(Crawled caption data)

•••••

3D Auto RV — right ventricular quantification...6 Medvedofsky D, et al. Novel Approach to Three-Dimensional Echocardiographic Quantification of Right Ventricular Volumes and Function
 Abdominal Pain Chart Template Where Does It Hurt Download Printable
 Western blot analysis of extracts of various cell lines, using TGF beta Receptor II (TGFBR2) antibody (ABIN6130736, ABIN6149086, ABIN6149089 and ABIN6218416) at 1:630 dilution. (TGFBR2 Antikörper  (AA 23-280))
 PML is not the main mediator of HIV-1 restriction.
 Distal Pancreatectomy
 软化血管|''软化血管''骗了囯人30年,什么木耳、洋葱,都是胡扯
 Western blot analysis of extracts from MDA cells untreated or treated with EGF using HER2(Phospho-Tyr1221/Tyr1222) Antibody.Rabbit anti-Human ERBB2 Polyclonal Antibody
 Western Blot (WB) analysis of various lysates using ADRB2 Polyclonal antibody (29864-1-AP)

•••••

Could you output the records in full, exactly as written?

3D Auto RV — right ventricular quantification...6 Medvedofsky D, et al. Novel Approach to Three-Dimensional Echocardiographic Quantification of Right Ventricular Volumes and Function
 Abdominal Pain Chart Template Where Does It Hurt Download Printable
 Western blot analysis of extracts of various cell lines, using TGF beta Receptor II (TGFBR2) antibody (ABIN6130736, ABIN6149086, ABIN6149089 and ABIN6218416) at 1:630 dilution. (TGFBR2 Antikörper  (AA 23-280))
 PML is not the main mediator of HIV-1 restriction.
 Distal Pancreatectomy
 软化血管|''软化血管''骗了囯人30年,什么木耳、洋葱,都是胡扯
 Western blot analysis of extracts from MDA cells untreated or treated with EGF using HER2(Phospho-Tyr1221/Tyr1222) Antibody.Rabbit anti-Human ERBB2 Polyclonal Antibody
 Western Blot (WB) analysis of various lysates using ADRB2 Polyclonal antibody (29864-1-AP)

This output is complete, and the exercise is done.